DECISIONS

Decision Information

Decision Content

Issaquah School District (Teamsters Local 763), Decision 13868 (PECB, 2024)

STATE OF WASHINGTON

BEFORE THE PUBLIC EMPLOYMENT RELATIONS COMMISSION

issaquah school disrtict,

Employer.

 

kevin mallaji,

Complainant,

vs.

teamsters local 763,

Respondent.

CASE 138319-U-24

DECISION 13868 - PECB

ORDER OF DISMISSAL

Kevin Mallaji, the complainant.

Thomas A. Leahy, Attorney at Law, Reid, Ballew, Leahy & Holland, L.L.P., for the Issaquah School District.

On February 1, 2024, Kevin Mallaji (complainant) filed an unfair labor practice complaint against Teamsters Local 763 (union). The complaint was reviewed under WAC 391-45-110.[1] A deficiency notice issued on March 6, 2024, notified Mallaji that a cause of action could not be found at that time. Mallaji was given a period of 21 days in which to file and serve an amended complaint or face dismissal of the case.

On March 7, 2024, and March 21, 2024, Mallaji filed an amended complaint and additional information to support his complaint.

ISSUE

The original and amended complaints allege the following:

Union interference in violation of RCW 41.56.150(1) within six months of the date the complaint was filed, by breaching its duty of fair representation owed to Kevin Mallaji by failing to represent him during disciplinary proceedings brought by the employer against Mallaji.
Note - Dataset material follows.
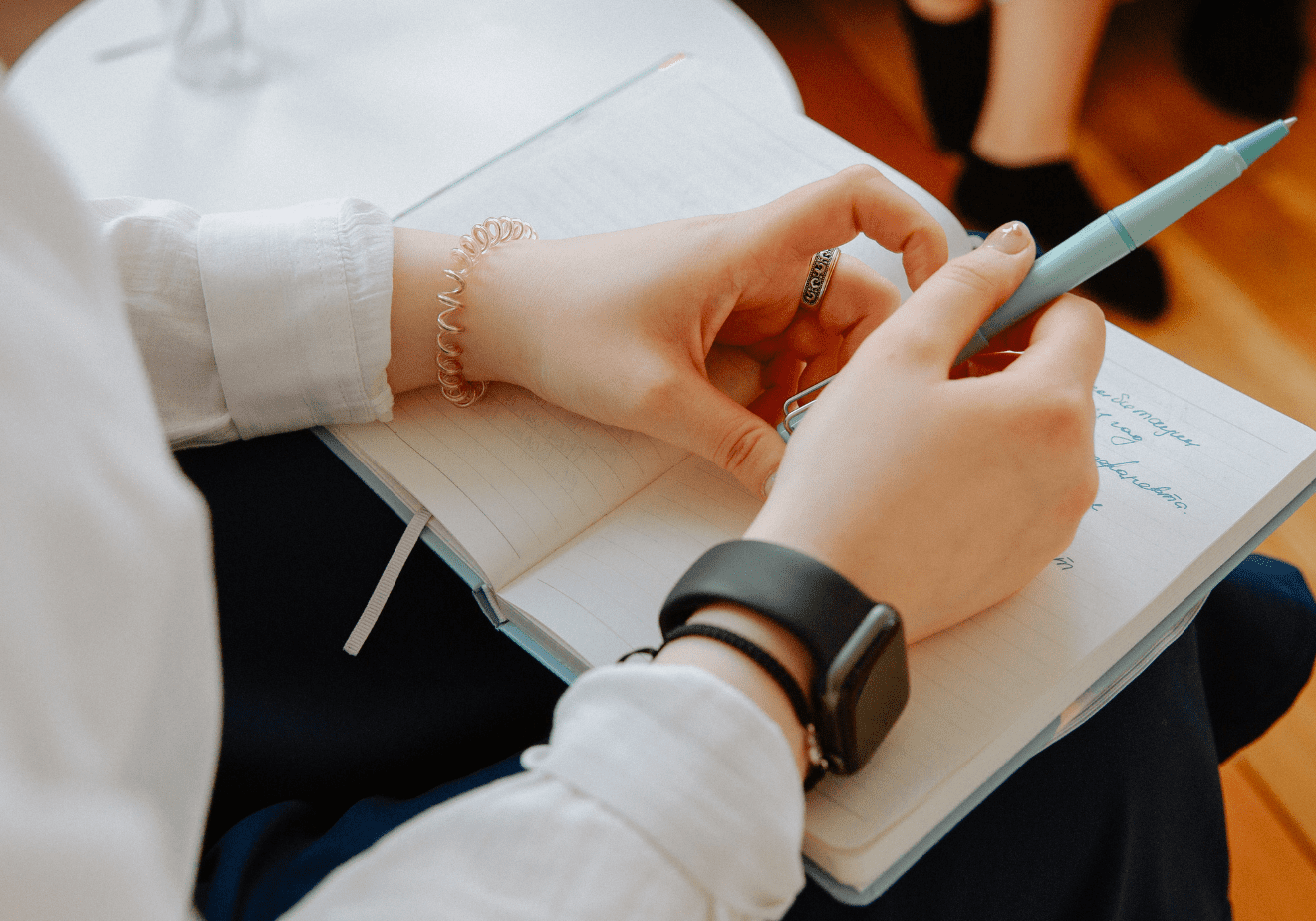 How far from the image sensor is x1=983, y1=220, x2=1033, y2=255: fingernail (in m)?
0.51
The original and amended complaints are dismissed because they lack facts demonstrating the union’s failure to represent Mallaji was based upon invidious reasons.

Background

On January 13, 2023, Mallaji started work as a Custodian with the Issaquah School District (employer). His position is represented by Teamsters Local 763 (union) for purposes of collective bargaining.

According to the original complaint, the employer trained Mallaji to perform his custodial duties which he claims he successfully completed. On February 16, 2023, Mallaji’s supervisor, Dawn, claimed that he was not performing his job as a Custodian. The complaint did not provide Dawn’s full name. Mallaji allegedly sent Dawn proof that he was performing his job and that Dawn responded that his work was “pretty good” but that he needed additional training. Mallaji finished this additional training on February 24, 2024.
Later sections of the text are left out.